[INFORMATION SHOWN]
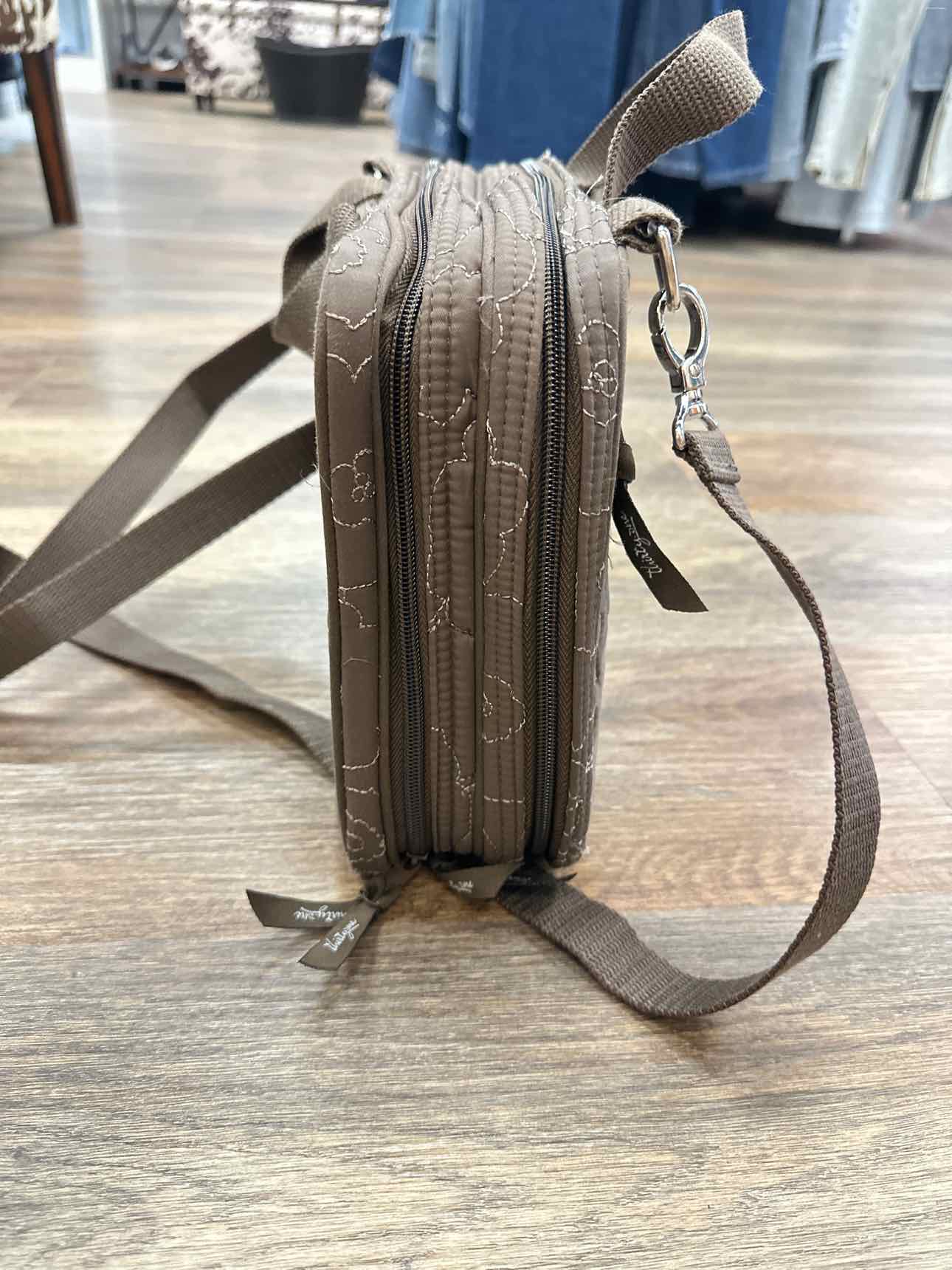 Thirty One Medium Coffee Brown Quilted Traveler Cosmetic Bag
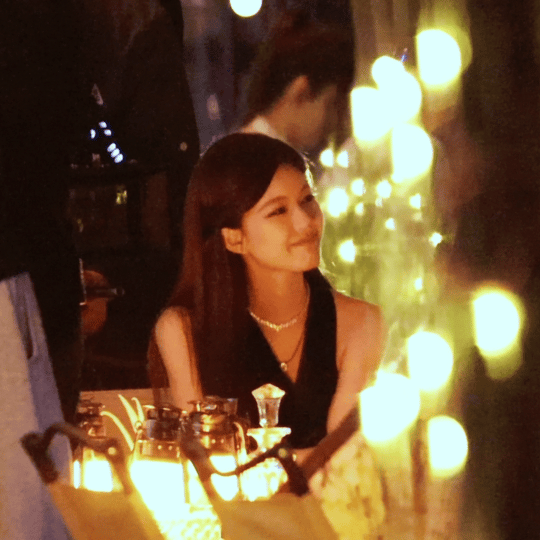 #赵露思许我耀眼晚宴路透##赵露思黑色无袖马面裙# 赵露思的晚宴路透照片中，她穿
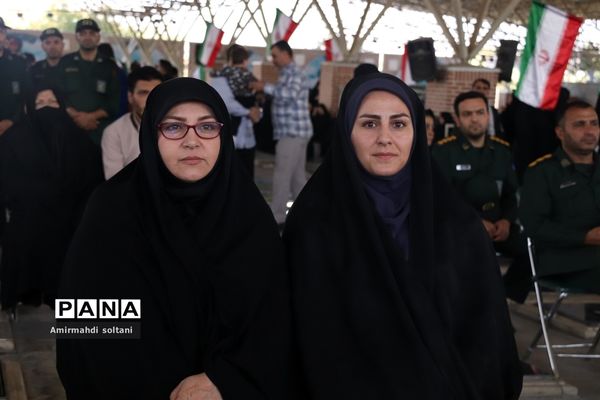 غبارروبی مزار شهدا در تبریز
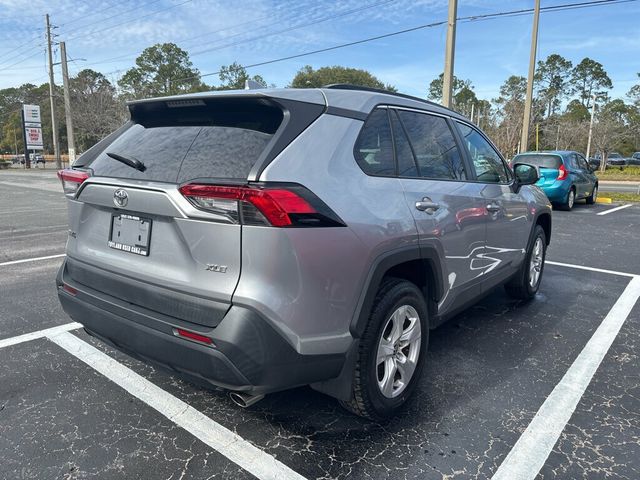 2021 Toyota RAV4 XLE FWD - 22974863 - 1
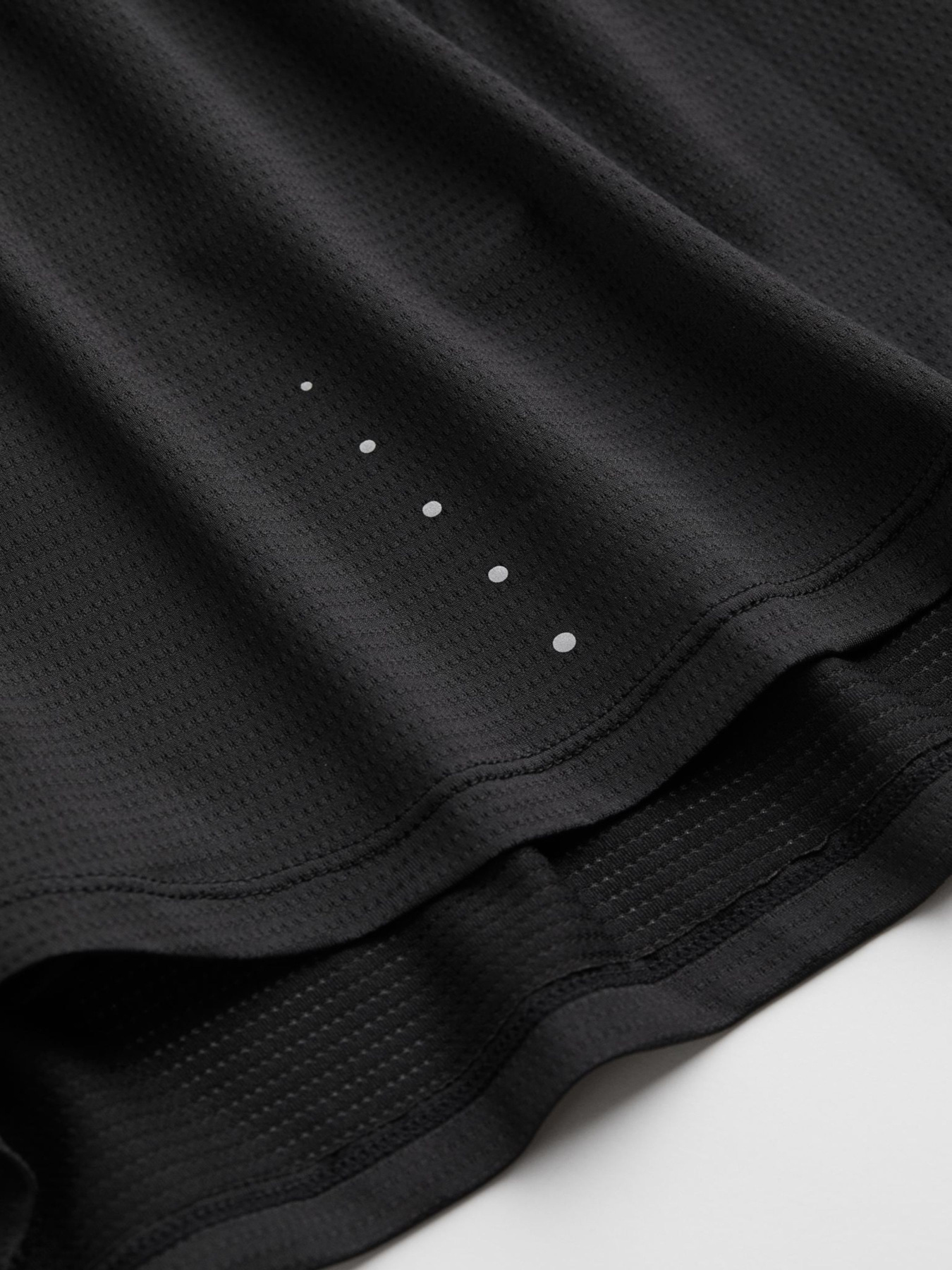 Спортивная футболка H&M модель 74053 Фото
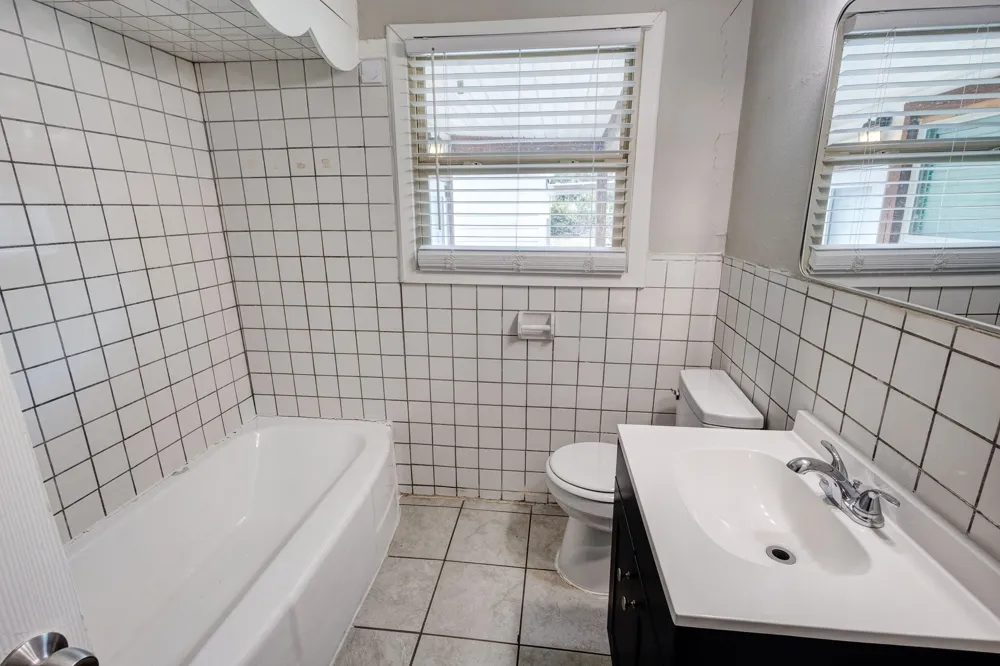 913 S Sargent Street Fort Worth, TX 76103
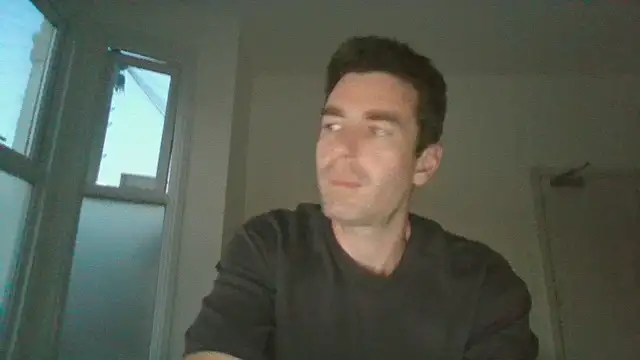 Snapshot of frenchbdmaninlondon chatting on 24, 6, 2026 frenchbdmaninlondon online show from 24, 6, 2026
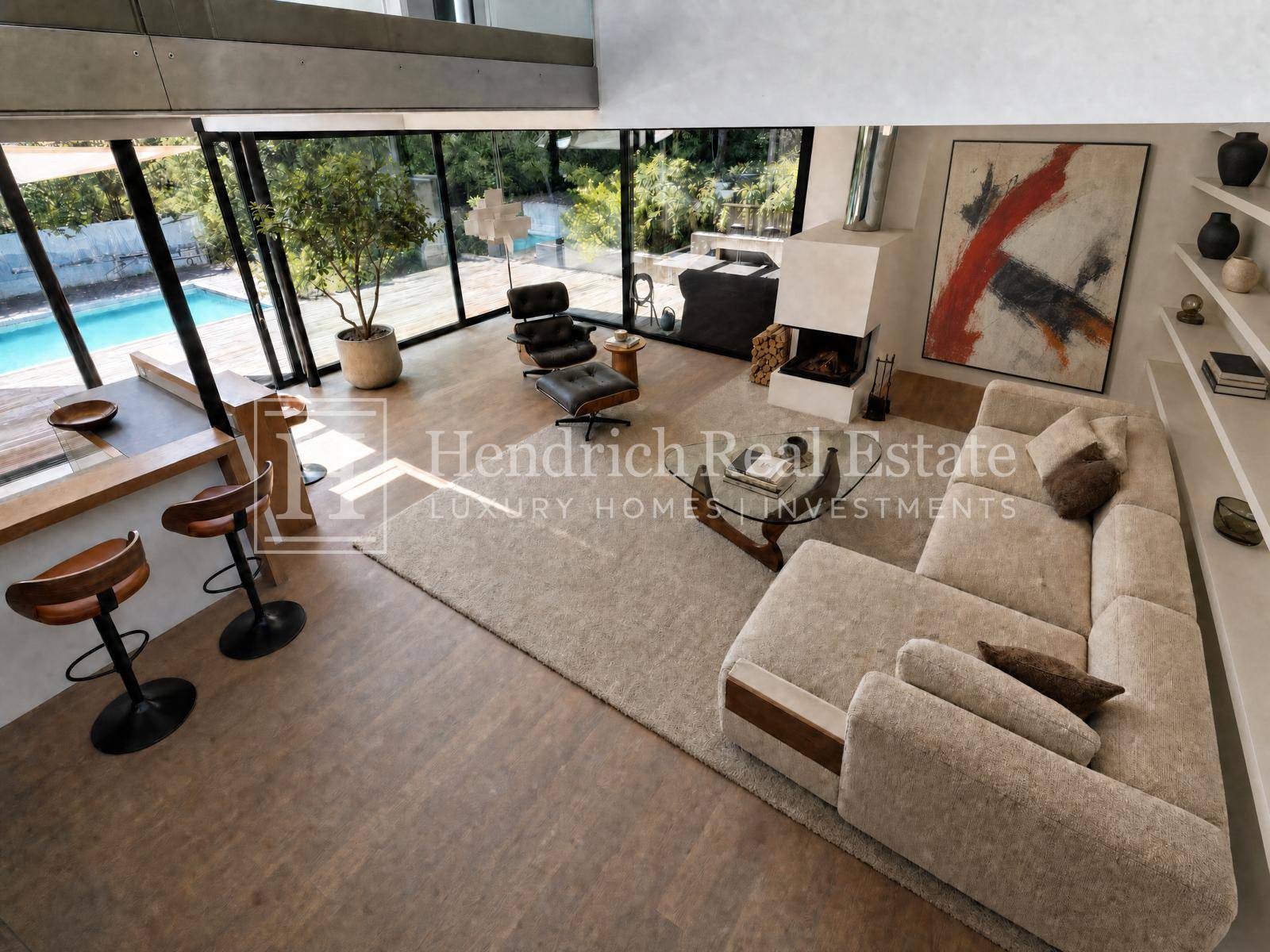 Helles Wohnzimmer mit modernem Kamin, bequemer Couch und Blick auf den Außenbereich mit Pool.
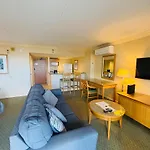 Ilikai Apt 308 - Spacious Studio With Stunning Ocean & Harbor Views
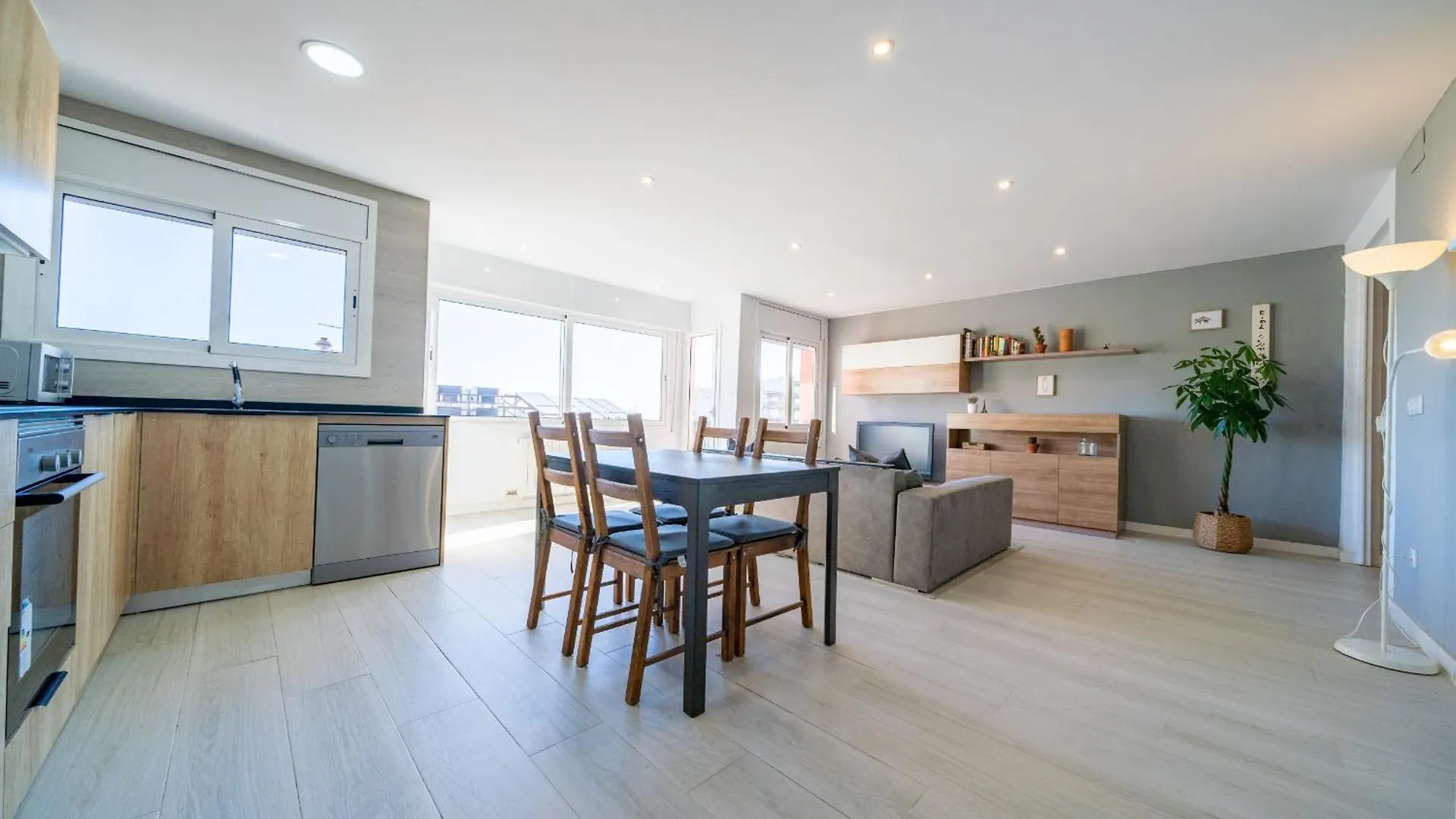 Homeholidaysrentals Oportunity - Costa Barcelona Pineda de Mar 0*,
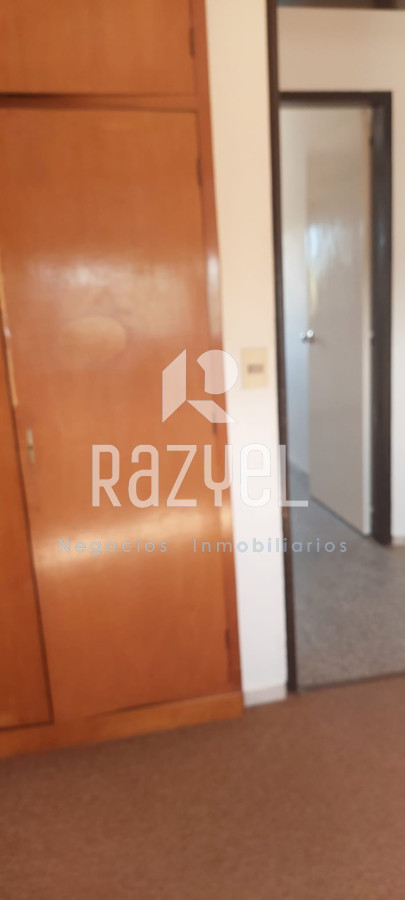 Casa ID.479 - Oportunidad  de inversiòn Venta  de apartamento espacioso 4 dormitorios San Carlos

[WHAT YOU HAVE TO DO]
Set the pictures aside and restate word for word only the lines from the line containing "Ilikai Apt 308" through the end of the entries above, both included.

[TASK SOLUTION]
 Ilikai Apt 308 - Spacious Studio With Stunning Ocean & Harbor Views
 Homeholidaysrentals Oportunity - Costa Barcelona Pineda de Mar 0*,
 Casa ID.479 - Oportunidad  de inversiòn Venta  de apartamento espacioso 4 dormitorios San Carlos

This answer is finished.